Just read an article about chatgpt "lying" about someone being dead and it's like "I asked it for the link to the obituary but it doubled down on the lie and provided a fake link instead" and I'm begging people to understand that it's a statistical model, it doesn't know it's lying so it can't "double down". The statistically probably answer to "where is the link" is not "I'm sorry I made it all up", it's a link. It doesn't even know what a link is, it just knows vaguely what one looks like so you're basically asking it "generate a plausible looking link to an obituary in the guardian" and it did

The AI isn't malevolent, it's just NOT AI

@eniko

You are technically, correct, which is the worst kind of correct. You aren't going to be able to educate the general public, even moderately intelligent individuals. The perception is that it IS an AI. And people will base decisions off it it.

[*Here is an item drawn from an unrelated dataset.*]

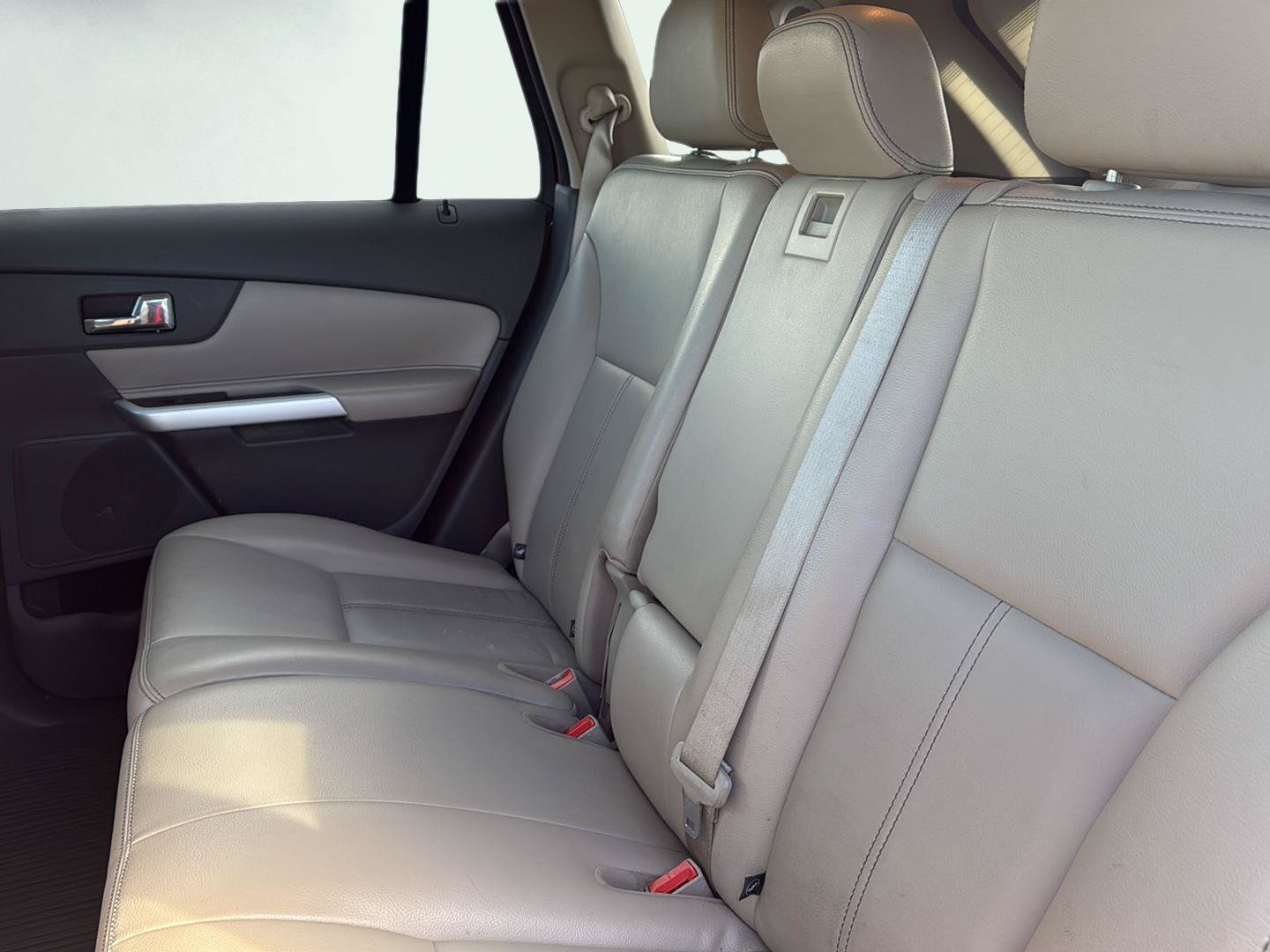 Used 2012 Ford Edge Limited AWD/4WD image 3
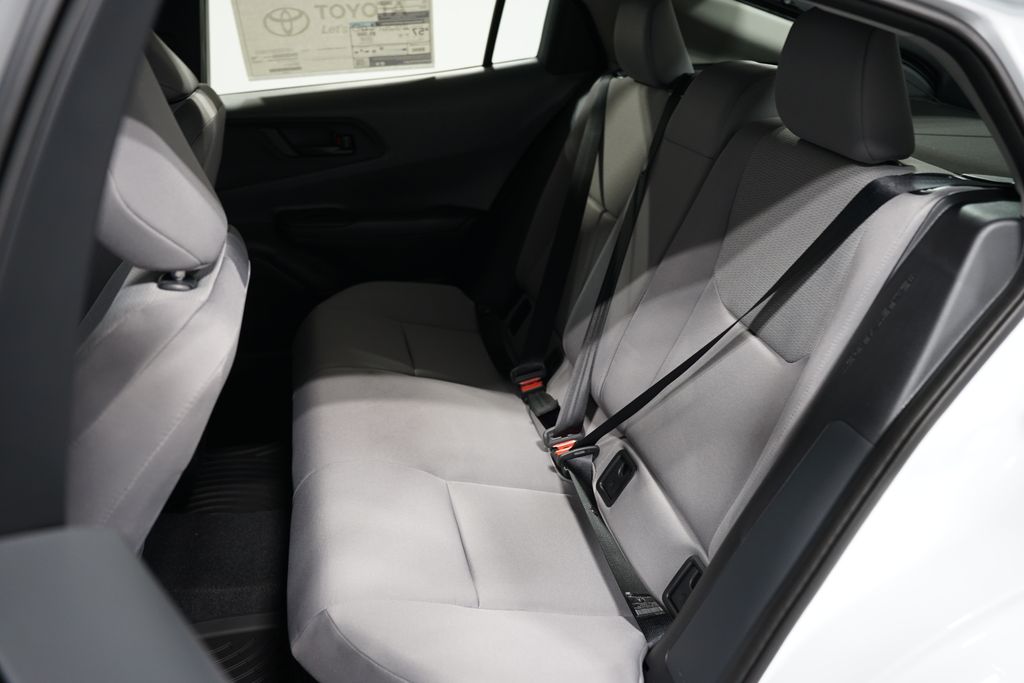 2025 Toyota Prius LE 27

It doesn't matter what definitions it does or does not fit, because letting this horribly broken thing into the wild will lead to increase in harm (to both individuals and society).

@atatassault It is an AI, a language model is an AI, it is artificial and it is intelligent to some degree, i like to compare this level of AI to a somewhat trained animal, specifically i think of some insect or very small animal with a simple neurological system, people just expect human level since it can talk, but it can talk because that is all that it can do.
From an AI i expect intelligence but not necessarily reason, awareness or thoughts.